Según Bolsonaro, hay una falla en el sistema electoral brasileño que lo llevó al poder de todos modos. Según él, el sistema de votación computarizado debería volver a ser un sistema basado en papel y las fuerzas armadas deberían estar activas. El círculo de intelectuales alrededor de Lula está firmemente en contra de esto, ya que creen que tal movimiento haría imposible la democracia brasileña. El temor a los movimientos de izquierda no es infundado, ya que los golpes de estado, las intervenciones militares violentas durante las elecciones presidenciales, el abuso de la ley, el asesinato, el suicidio, el encarcelamiento y la difamación de unos a otros con acusaciones falsas son comunes en la historia del país. Los presidentes del país muchas veces tuvieron que enfrentar juicio político, es decir, juicio político: 29 veces en el caso de Fernando Caller de Mello (1990-1992), 37 veces en el caso de Luiz Inácio Lula da Silva (2003-2010), 68 en el caso de Dilma Rousseff (2011-2016), Michel Temer (2016-2018) 31 veces, Jair Bolsonaro (desde enero de 2019) 91 veces. También hubo conflictos armados, pero la mayoría de ellos involucraron solo a uno o dos estados. Las armas fueron siempre el último argumento, no sólo en manos de los detentadores del poder, sino que se organizaron bandas de caballería y bandas libres para apoyar a las fuerzas de derecha e izquierda interesadas.

En la historia política brasileña moderna, son frecuentes los hechos extraordinarios, revoluciones y contrarrevoluciones, oscuros suicidios de presidentes, exilios e intervenciones armadas. Las acusaciones reales y falsas de corrupción también son comunes. Los candidatos presidenciales en las elecciones de octubre también se acusan mutuamente de violar la constitución. Hay una historia: Lula fue encarcelado antes de las últimas elecciones, por lo que probablemente no podrá postularse.
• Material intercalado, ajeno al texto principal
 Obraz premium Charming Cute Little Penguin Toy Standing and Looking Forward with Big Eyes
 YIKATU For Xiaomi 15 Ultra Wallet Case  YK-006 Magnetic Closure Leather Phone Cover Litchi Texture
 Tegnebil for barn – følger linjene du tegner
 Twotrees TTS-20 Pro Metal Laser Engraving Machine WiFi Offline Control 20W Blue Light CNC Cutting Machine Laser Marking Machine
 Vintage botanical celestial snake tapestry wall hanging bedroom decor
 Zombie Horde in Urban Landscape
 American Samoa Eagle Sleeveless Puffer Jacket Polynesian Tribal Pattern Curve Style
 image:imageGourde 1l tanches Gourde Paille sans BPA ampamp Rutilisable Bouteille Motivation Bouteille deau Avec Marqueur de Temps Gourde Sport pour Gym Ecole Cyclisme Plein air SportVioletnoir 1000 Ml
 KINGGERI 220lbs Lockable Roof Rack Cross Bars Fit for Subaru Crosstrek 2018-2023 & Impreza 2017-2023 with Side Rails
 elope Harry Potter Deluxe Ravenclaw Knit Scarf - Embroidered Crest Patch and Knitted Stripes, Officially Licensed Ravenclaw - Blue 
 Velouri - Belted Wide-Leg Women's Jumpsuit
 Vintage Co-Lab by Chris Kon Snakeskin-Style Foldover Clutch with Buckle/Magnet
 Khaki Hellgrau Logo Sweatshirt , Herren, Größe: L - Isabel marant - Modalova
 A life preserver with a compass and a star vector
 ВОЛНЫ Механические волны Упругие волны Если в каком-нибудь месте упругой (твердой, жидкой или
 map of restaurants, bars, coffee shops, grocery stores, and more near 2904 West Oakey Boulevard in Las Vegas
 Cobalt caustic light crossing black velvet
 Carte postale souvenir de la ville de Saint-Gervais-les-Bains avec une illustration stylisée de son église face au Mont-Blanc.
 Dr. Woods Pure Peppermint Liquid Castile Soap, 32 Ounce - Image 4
Esto no se puede repetir, incluso si Bolsonaro tiene que enfrentar el hecho de que no será inmune a las acusaciones de abuso de poder y corrupción. Hoy, el debate propagandístico tiene lugar en manifestaciones masivas y en la prensa. Si bien Lula es mejor para conmover a la gente, Bolsonaro es mejor para persuadir a la prensa estatal y los círculos empresariales. En la campaña también apareció con frecuencia la relación entre el primer ministro húngaro y Bolsonaro, quien visitó Hungría como invitado de Viktor Orbán en febrero de este año. El actual presidente, al igual que Orban, se caracteriza por su oposición.

Bolsonaro también es visto como una oveja negra por Estados Unidos, pero cree que sus intereses están mejor atendidos por él que por Lula, quien claramente está a la izquierda de los demócratas estadounidenses.

Un estado de ánimo revolucionario se puede sentir en el país. Por supuesto, los medios tampoco están equilibrados allí, hay una clara preponderancia de los medios oficialistas, pero la oposición también tiene posiciones útiles, la gente de todas las edades y la mayoría de los intelectuales brasileños hablan por ella.

Aun así: el resultado de las elecciones será difícil de predecir.